Rodion Amirov continued his trail-blazing season with a goal in each of his first three international appearances. Nobody has done that before for team Russia, with only Alexander Popov, Roman Lyubimov and Pavel Poryadin scoring on their first two international appearances. The Maple Leafs prospect is also far younger than those three – just one month past his 19th birthday. Who knows, maybe we just wrote the first chapter of another Red Machine legend.
Before the Karjala Cup got underway, Russia’s decision to send its U20s to the tournament sparked controversy. Yet, Igor Larionov’s juniors proved more than capable of doing the job, winning all three games to lift the trophy. Thursday’s first period against Finland – three unanswered goals in the host’s net – set the tone. The teenagers showed great character to score a late goal on Sweden, forcing a shoot-out that was decided by Yaroslav Askarov’s solid goaltending and Vasily Podkolzin’s skillful winner. Then, in a winner-takes-all showdown against the Czechs, Askarov got his first international shut-out in a 3-0 win.

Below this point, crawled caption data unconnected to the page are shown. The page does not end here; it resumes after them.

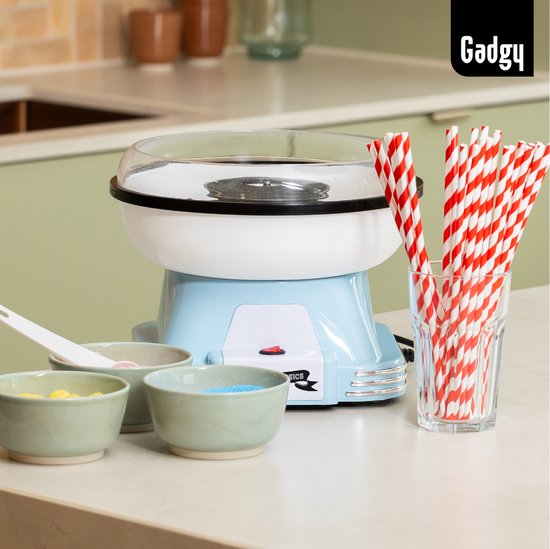 Gadgy Zuckerwattemacher Retro Blau - Mit 10 Stäbchen und Messlöffel - Zuckerwattemacher - Süßigkeiten - Kinderparty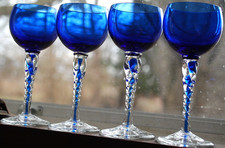 Vtg Set 4 COBALT BLUE Hand Blown CORDIAL/LIQUEUR GLASSES Clear/Blue Twist Stem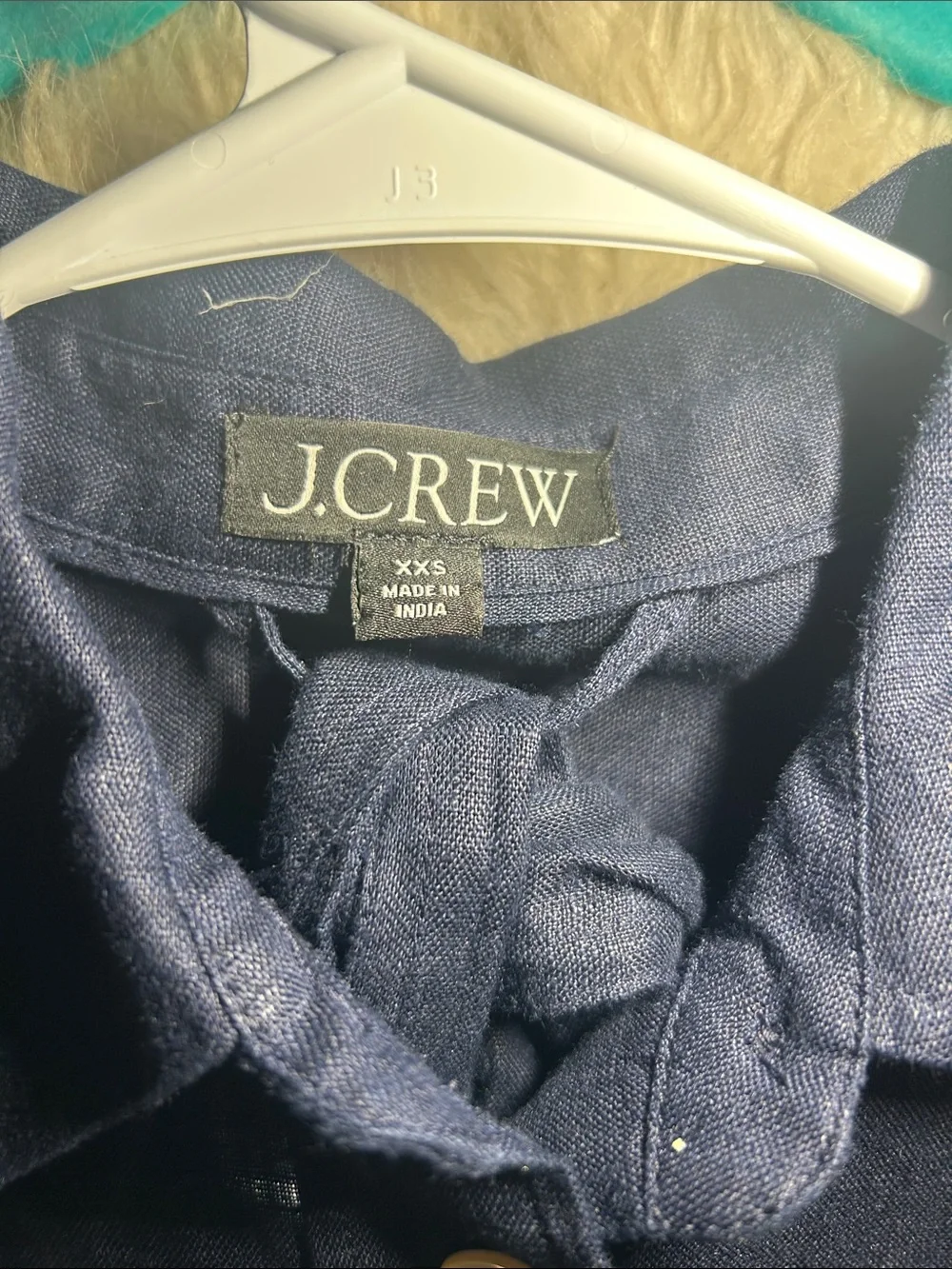 J. Crew Navy Short-Sleeve Button-Down Shirt Dress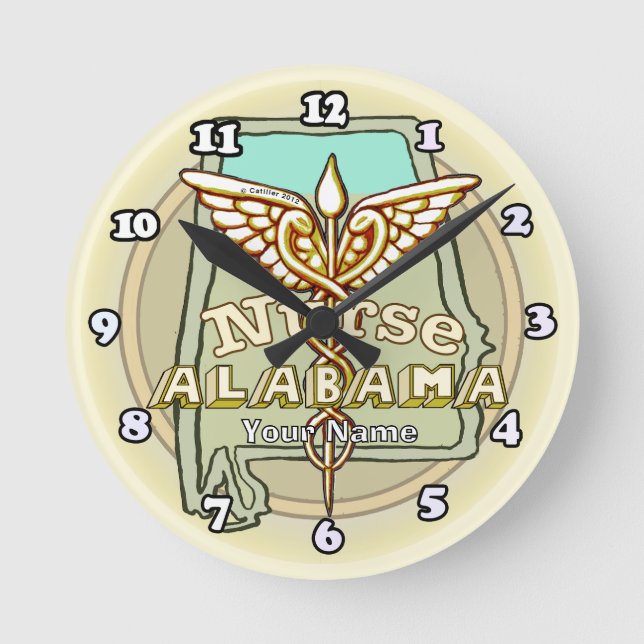Reloj Redondo Mediano Caduceo de Enfermera de Alabama (Anverso)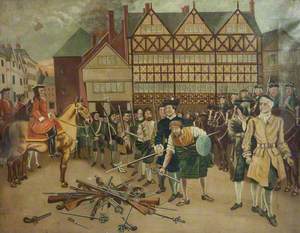 Jacobite Troops Surrendering Their Arms to General Wills in Preston Market Place, 1715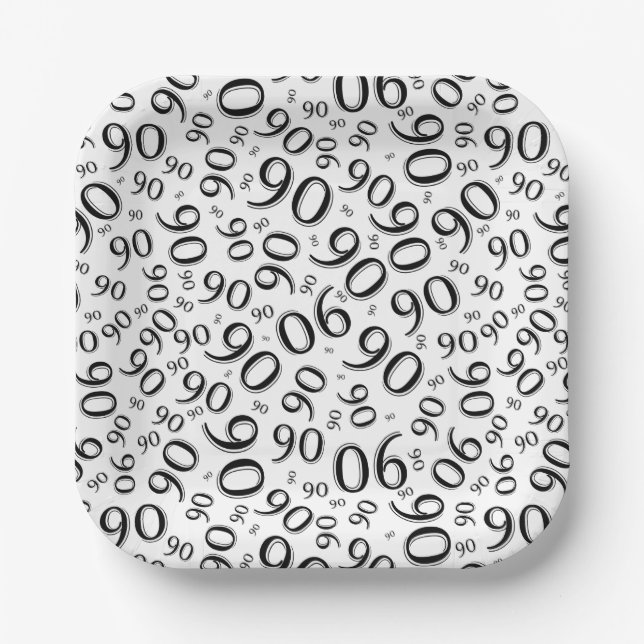 90th Party Random Number Pattern Black/White Paper Plate (Front)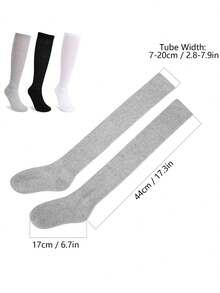 Extra Wide Non-Binding Diabetic And Circulatory Over The Knee Socks With Cushioned Sole - Xám - Xem 3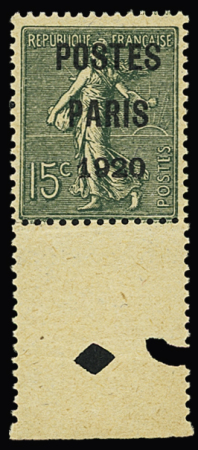 N° 25 15c. vert-olive, avec bdf ,neuf sans charnière,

The success of Russia’s juniors on the international stage is not such a surprise when you look at the impact young players have made in this season’s KHL. Although barely a third of the regular season is done, the 2020/2021 campaign has already seen 91 U20 players – more than any other season – get game time in the league. The previous best was set back in 2009/2010. The youngsters are also on track to score more goals than before – the current record is 103, this season’s tally is 42 and counting – and could easily make more appearance (434 games up to now, against a record of 1,714). Not surprisingly, the average age of players in KHL is lower than ever, dropping below 27 years for the first time. And 163 players have made their debuts so far this season, against a record of 215 in the 2013/2014 season when two new clubs came into the league.